━━━ Entries supplied
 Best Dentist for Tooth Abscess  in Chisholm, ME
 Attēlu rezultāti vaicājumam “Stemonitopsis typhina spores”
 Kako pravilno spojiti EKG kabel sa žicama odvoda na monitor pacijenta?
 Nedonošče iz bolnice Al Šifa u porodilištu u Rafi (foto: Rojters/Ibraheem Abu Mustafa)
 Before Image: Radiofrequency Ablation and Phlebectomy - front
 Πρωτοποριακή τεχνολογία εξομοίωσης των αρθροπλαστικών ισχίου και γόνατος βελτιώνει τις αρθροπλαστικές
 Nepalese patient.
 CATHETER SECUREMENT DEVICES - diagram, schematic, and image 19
━━━━━━
━━━ Entries supplied
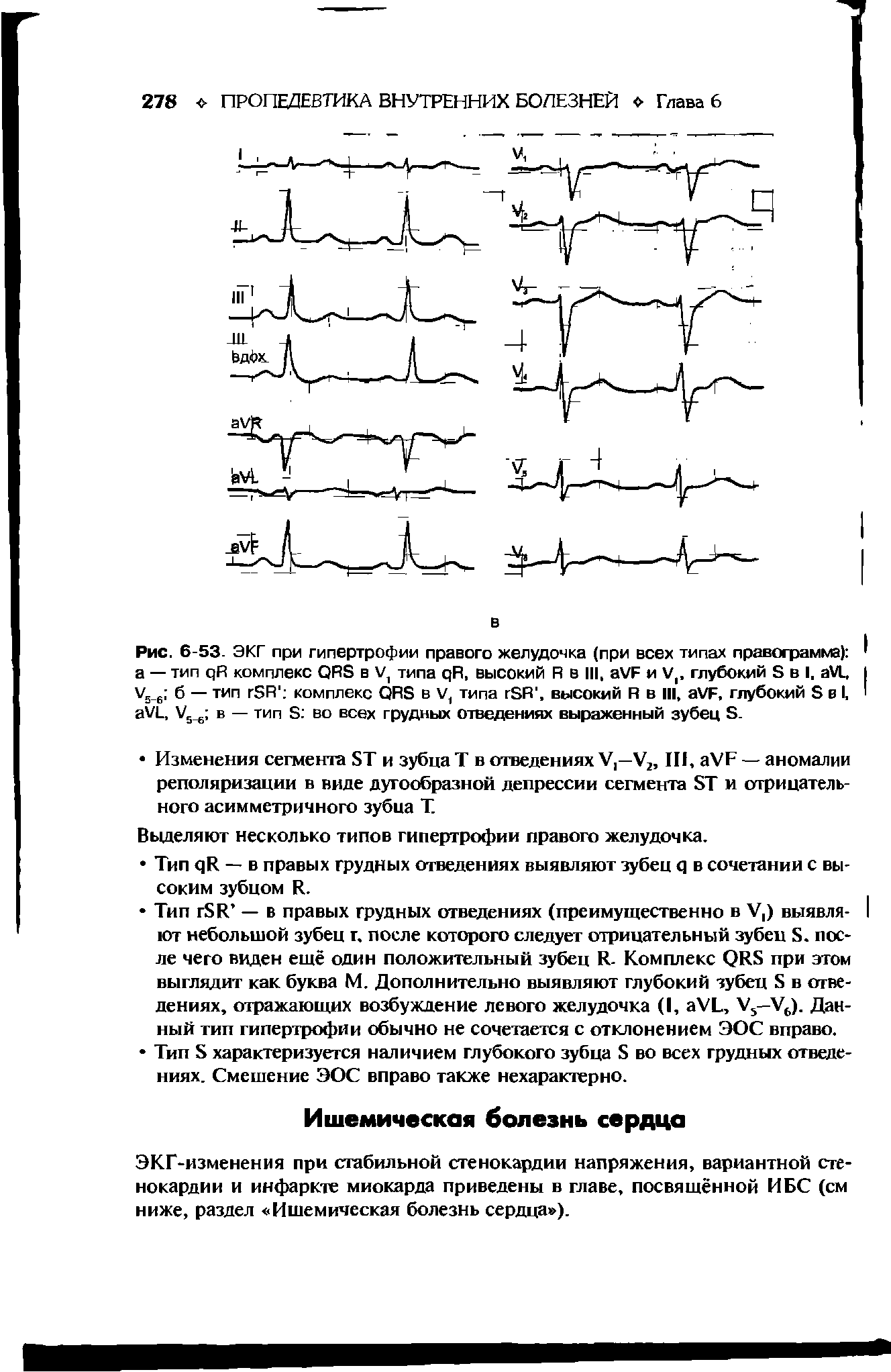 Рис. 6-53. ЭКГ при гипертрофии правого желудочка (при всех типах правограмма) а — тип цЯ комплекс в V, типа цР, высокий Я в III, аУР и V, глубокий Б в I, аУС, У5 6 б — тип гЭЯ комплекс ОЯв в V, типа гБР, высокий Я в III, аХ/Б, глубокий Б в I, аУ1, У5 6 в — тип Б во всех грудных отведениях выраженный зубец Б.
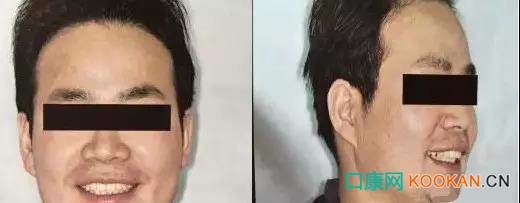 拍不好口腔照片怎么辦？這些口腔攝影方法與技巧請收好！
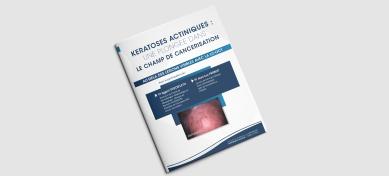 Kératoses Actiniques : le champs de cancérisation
━━━━━━
What you are asked to do: Among the entries above, copy exactly only the lines starting with the one containing "Attēlu rezultāti vaicājumam" and going through the one containing "CATHETER SECUREMENT DEVICES", both ends included.

Exercise response:
 Attēlu rezultāti vaicājumam “Stemonitopsis typhina spores”
 Kako pravilno spojiti EKG kabel sa žicama odvoda na monitor pacijenta?
 Nedonošče iz bolnice Al Šifa u porodilištu u Rafi (foto: Rojters/Ibraheem Abu Mustafa)
 Before Image: Radiofrequency Ablation and Phlebectomy - front
 Πρωτοποριακή τεχνολογία εξομοίωσης των αρθροπλαστικών ισχίου και γόνατος βελτιώνει τις αρθροπλαστικές
 Nepalese patient.
 CATHETER SECUREMENT DEVICES - diagram, schematic, and image 19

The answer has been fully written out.